__Task description__. Pictures stay out of the copy. Transcribe exactly the lines from the line with "bathroom with vanity, bathing" through the final line of the records.

Scraped caption text data
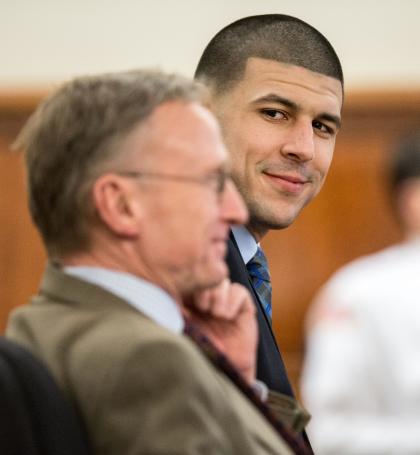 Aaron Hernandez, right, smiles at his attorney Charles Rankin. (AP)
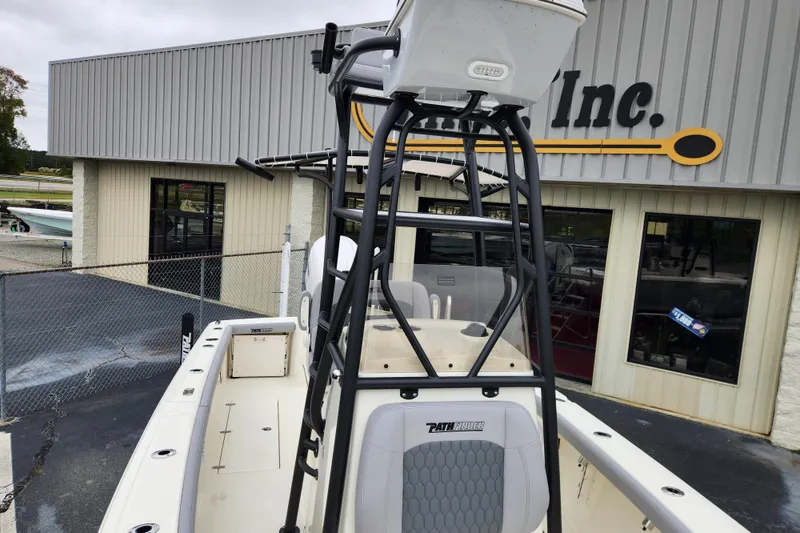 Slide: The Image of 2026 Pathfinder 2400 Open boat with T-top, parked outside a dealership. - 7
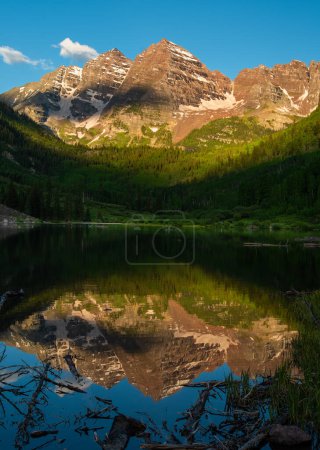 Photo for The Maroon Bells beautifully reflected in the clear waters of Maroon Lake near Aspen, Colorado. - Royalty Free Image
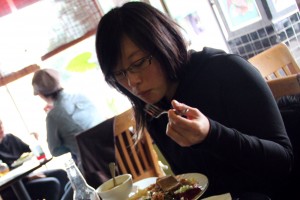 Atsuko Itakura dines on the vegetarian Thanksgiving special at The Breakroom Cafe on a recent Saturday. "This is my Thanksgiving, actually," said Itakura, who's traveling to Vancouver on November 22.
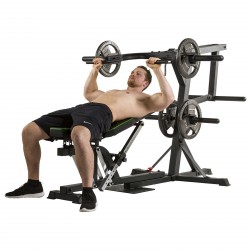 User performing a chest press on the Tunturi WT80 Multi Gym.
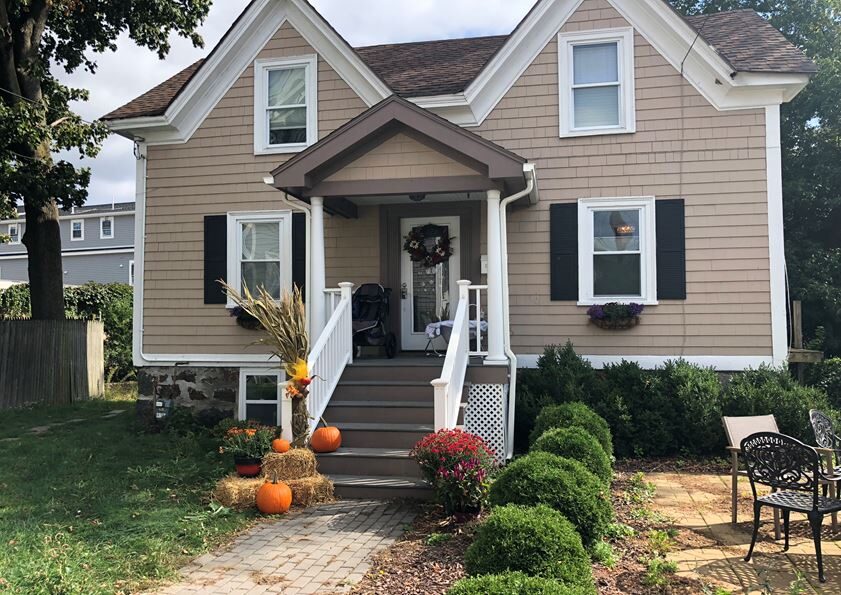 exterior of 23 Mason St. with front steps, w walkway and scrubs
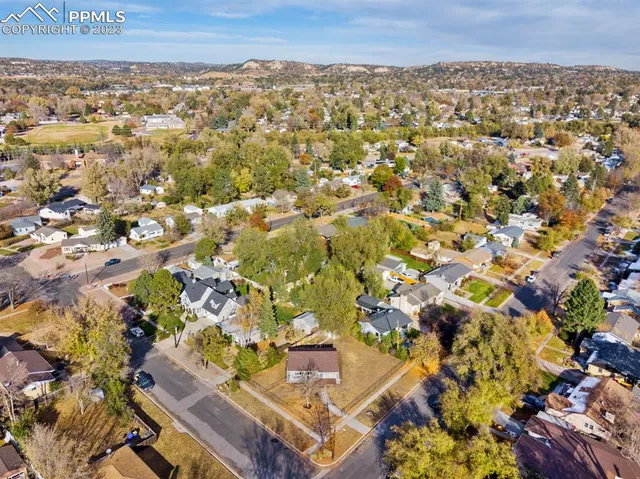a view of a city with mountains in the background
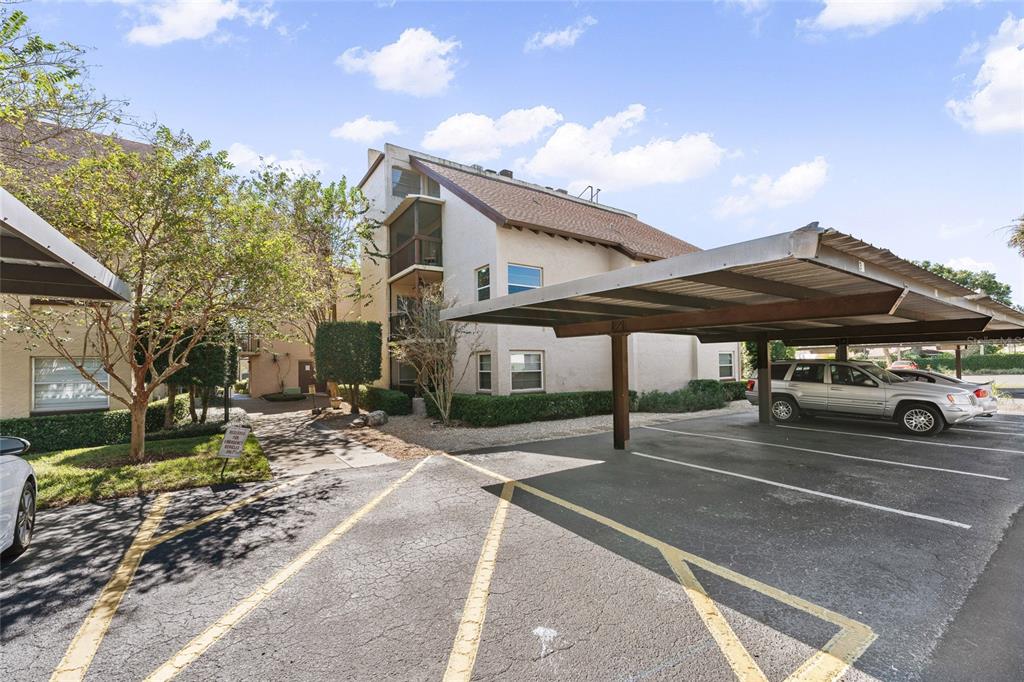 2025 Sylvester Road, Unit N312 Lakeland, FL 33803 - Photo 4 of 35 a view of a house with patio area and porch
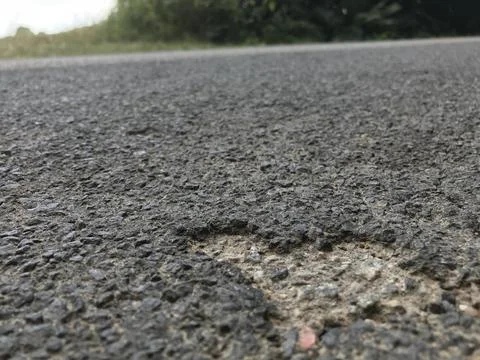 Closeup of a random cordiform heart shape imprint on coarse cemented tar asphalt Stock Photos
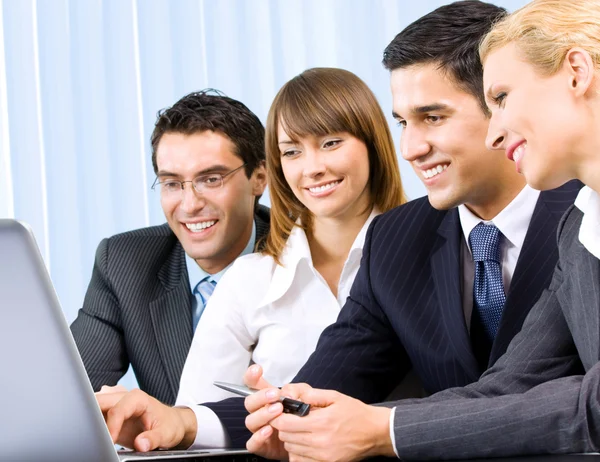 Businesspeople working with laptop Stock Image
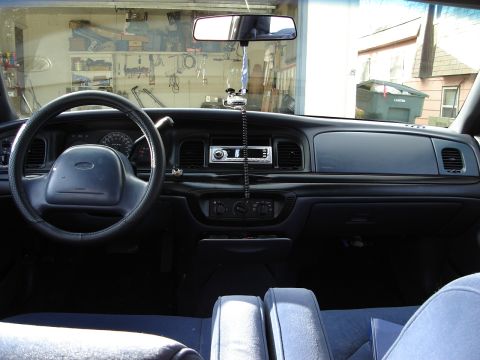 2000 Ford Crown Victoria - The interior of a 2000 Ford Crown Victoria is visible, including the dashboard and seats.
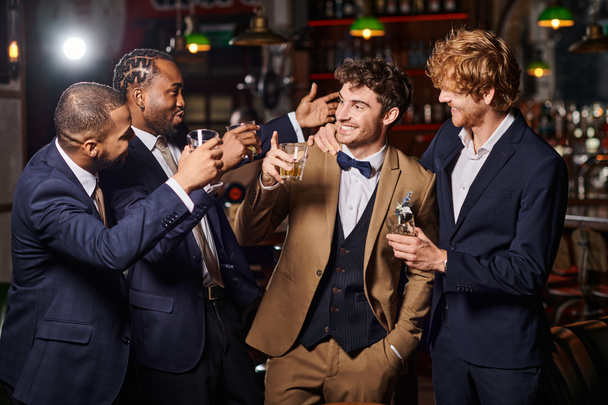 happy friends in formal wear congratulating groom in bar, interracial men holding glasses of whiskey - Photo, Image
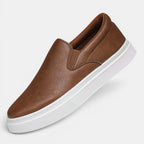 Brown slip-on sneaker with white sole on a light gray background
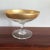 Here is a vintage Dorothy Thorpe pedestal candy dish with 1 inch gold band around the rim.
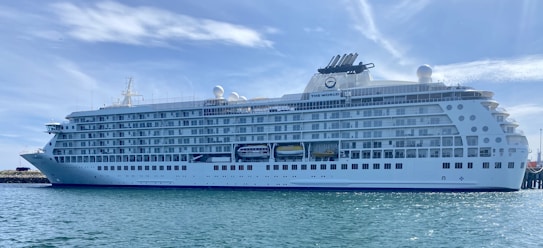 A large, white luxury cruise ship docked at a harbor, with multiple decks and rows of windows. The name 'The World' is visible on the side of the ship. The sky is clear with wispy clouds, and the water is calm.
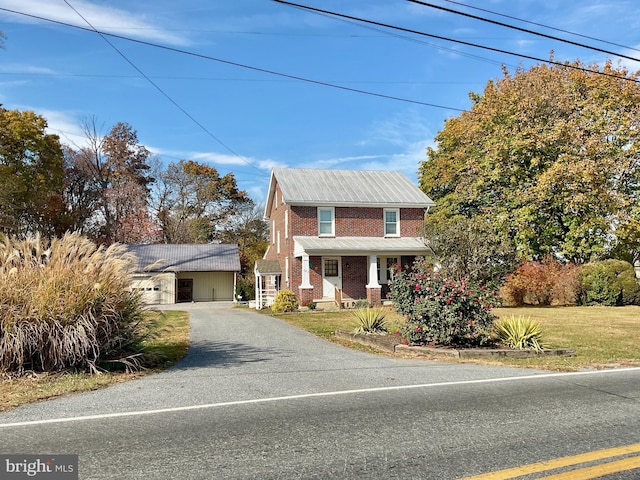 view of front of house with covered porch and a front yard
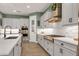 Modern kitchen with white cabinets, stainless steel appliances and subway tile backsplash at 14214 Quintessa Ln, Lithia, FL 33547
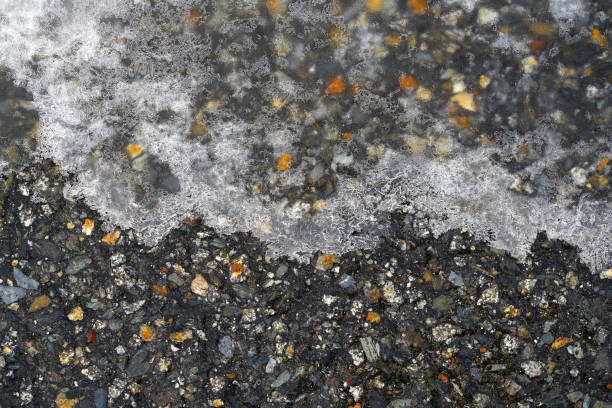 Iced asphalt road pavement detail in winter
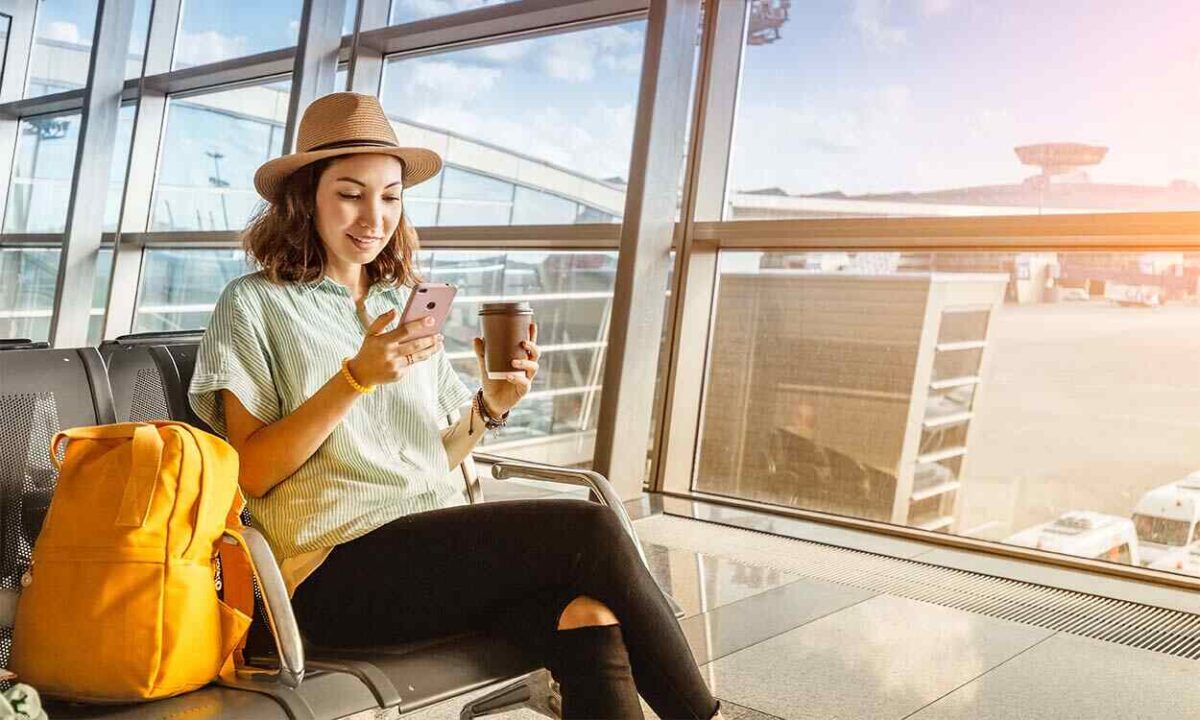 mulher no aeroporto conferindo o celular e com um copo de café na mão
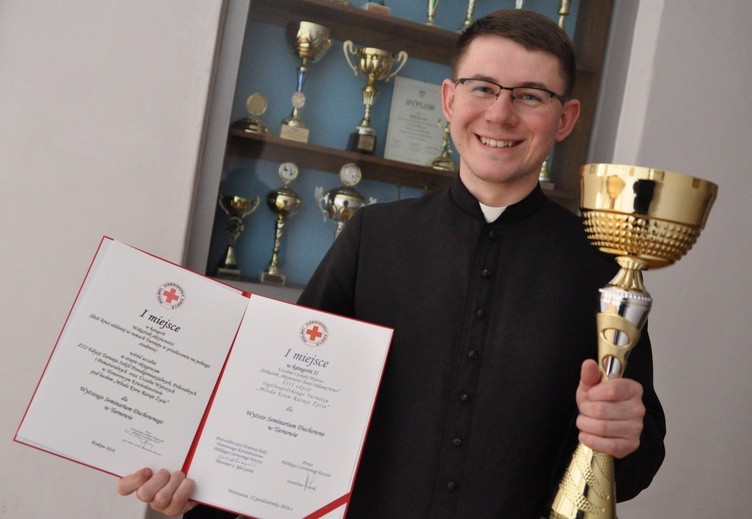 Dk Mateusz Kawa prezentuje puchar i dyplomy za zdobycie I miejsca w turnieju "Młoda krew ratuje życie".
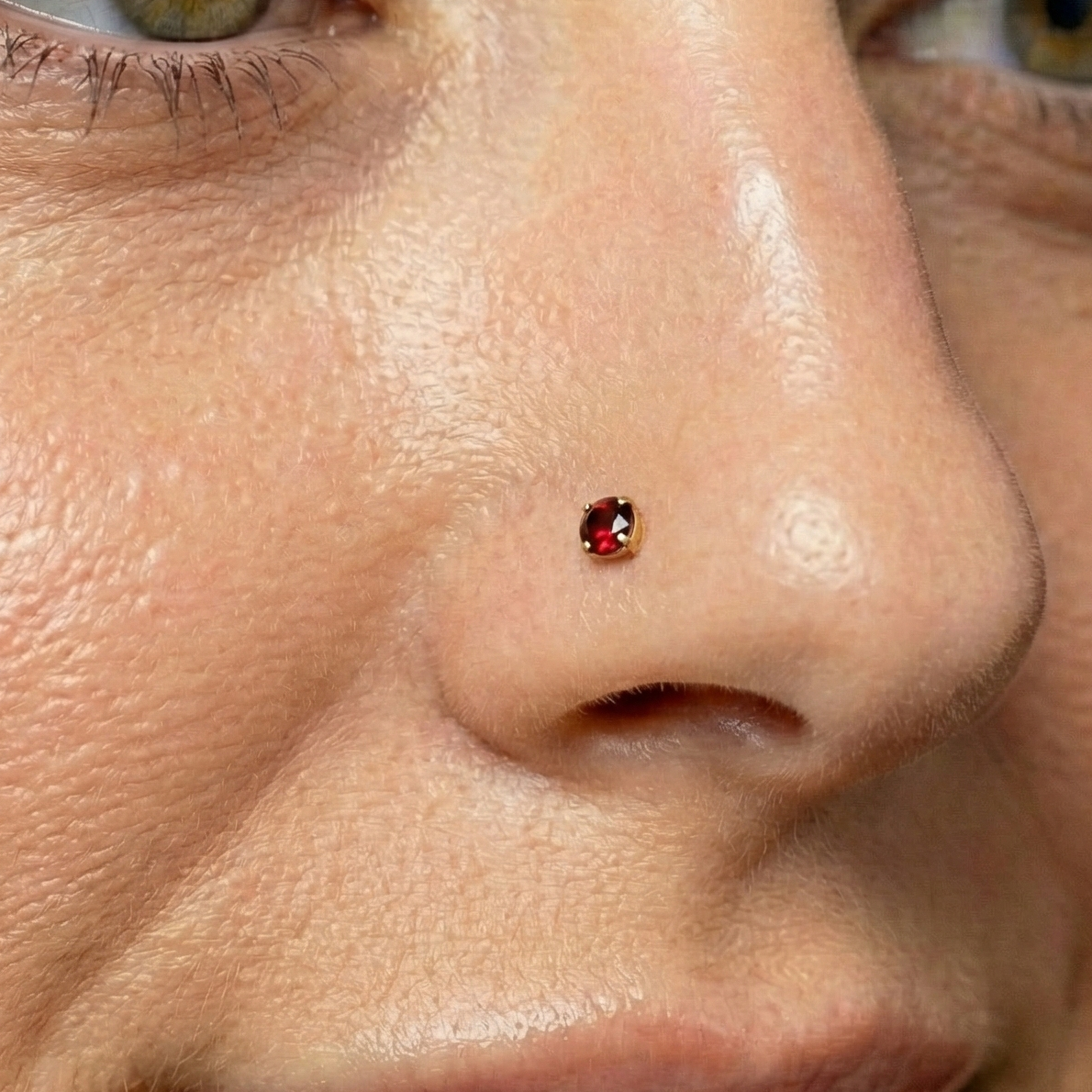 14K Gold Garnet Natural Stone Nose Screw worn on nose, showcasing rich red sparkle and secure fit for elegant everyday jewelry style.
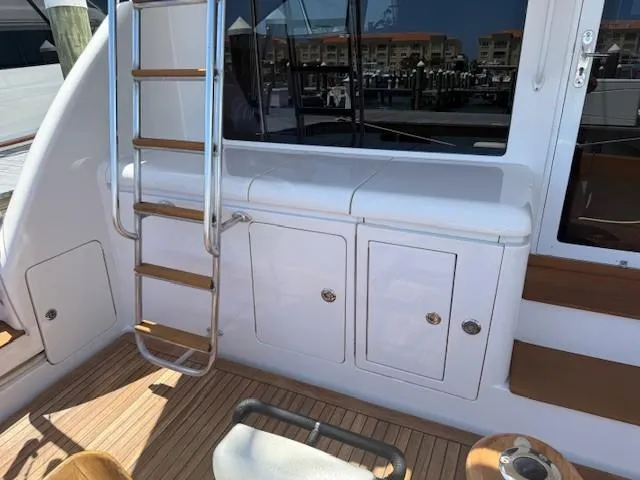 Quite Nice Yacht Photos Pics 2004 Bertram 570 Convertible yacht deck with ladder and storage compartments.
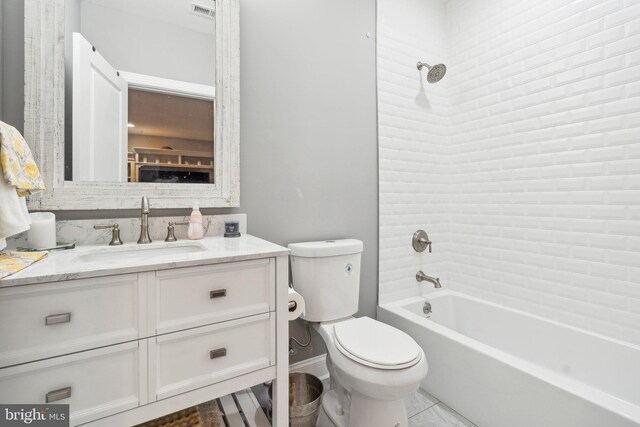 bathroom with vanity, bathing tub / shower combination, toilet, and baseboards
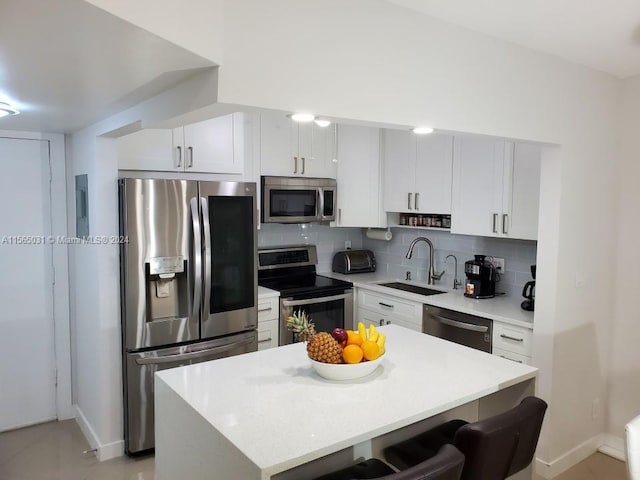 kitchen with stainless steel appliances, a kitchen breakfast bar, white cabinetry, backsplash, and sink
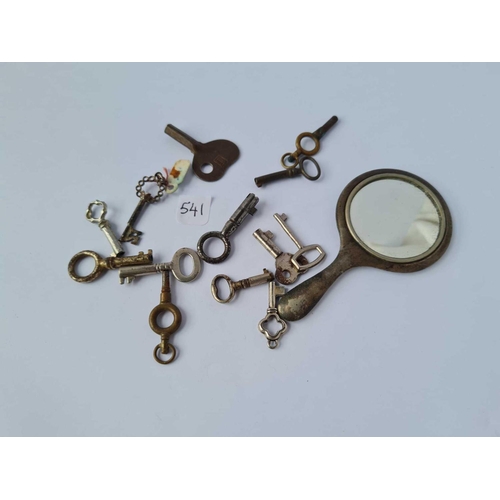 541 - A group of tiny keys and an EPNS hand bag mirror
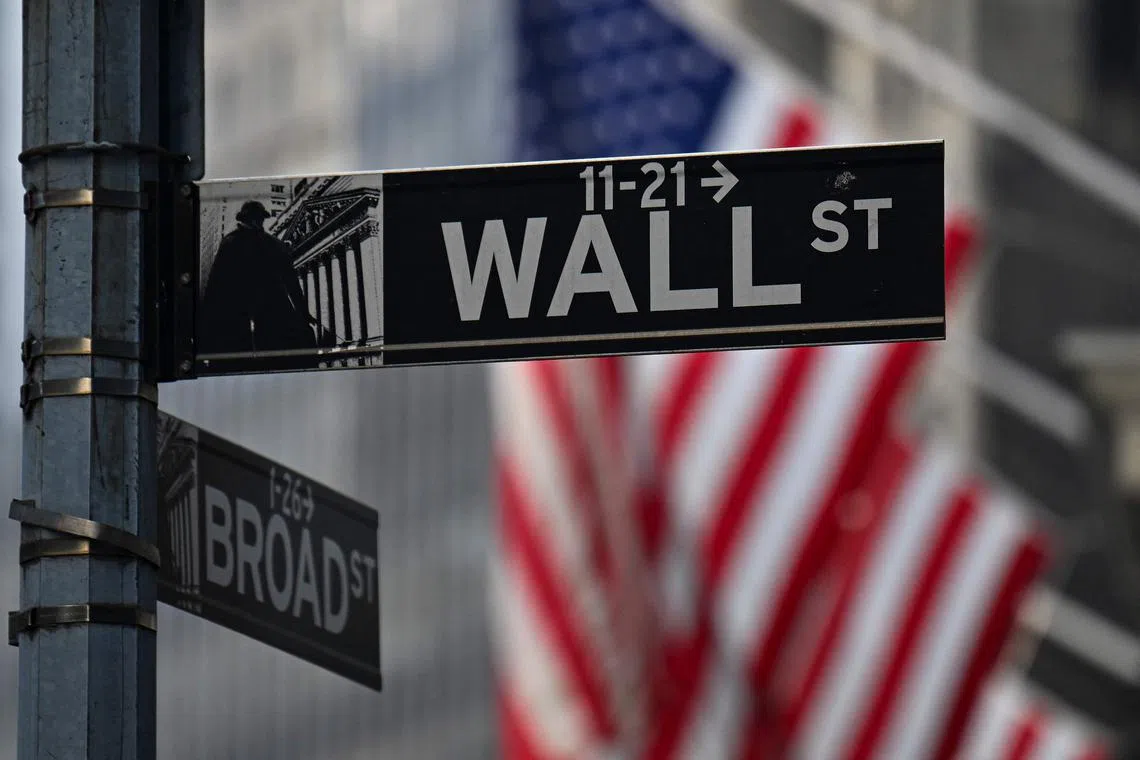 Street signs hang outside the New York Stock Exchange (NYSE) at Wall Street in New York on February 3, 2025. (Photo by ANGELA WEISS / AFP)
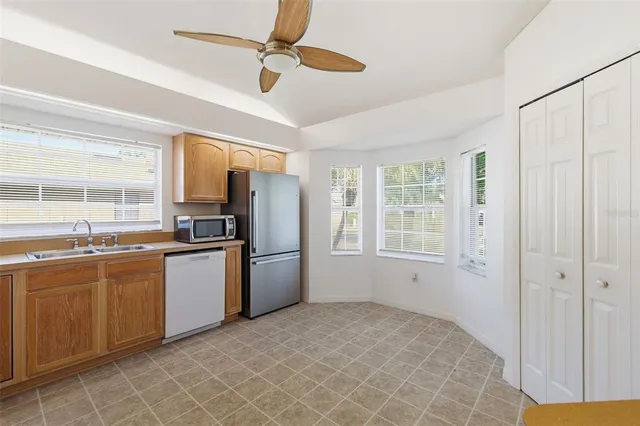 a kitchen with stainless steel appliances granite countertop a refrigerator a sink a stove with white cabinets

__Response for this exercise__.
 bathroom with vanity, bathing tub / shower combination, toilet, and baseboards
 kitchen with stainless steel appliances, a kitchen breakfast bar, white cabinetry, backsplash, and sink
 541 - A group of tiny keys and an EPNS hand bag mirror
 Street signs hang outside the New York Stock Exchange (NYSE) at Wall Street in New York on February 3, 2025. (Photo by ANGELA WEISS / AFP)
 a kitchen with stainless steel appliances granite countertop a refrigerator a sink a stove with white cabinets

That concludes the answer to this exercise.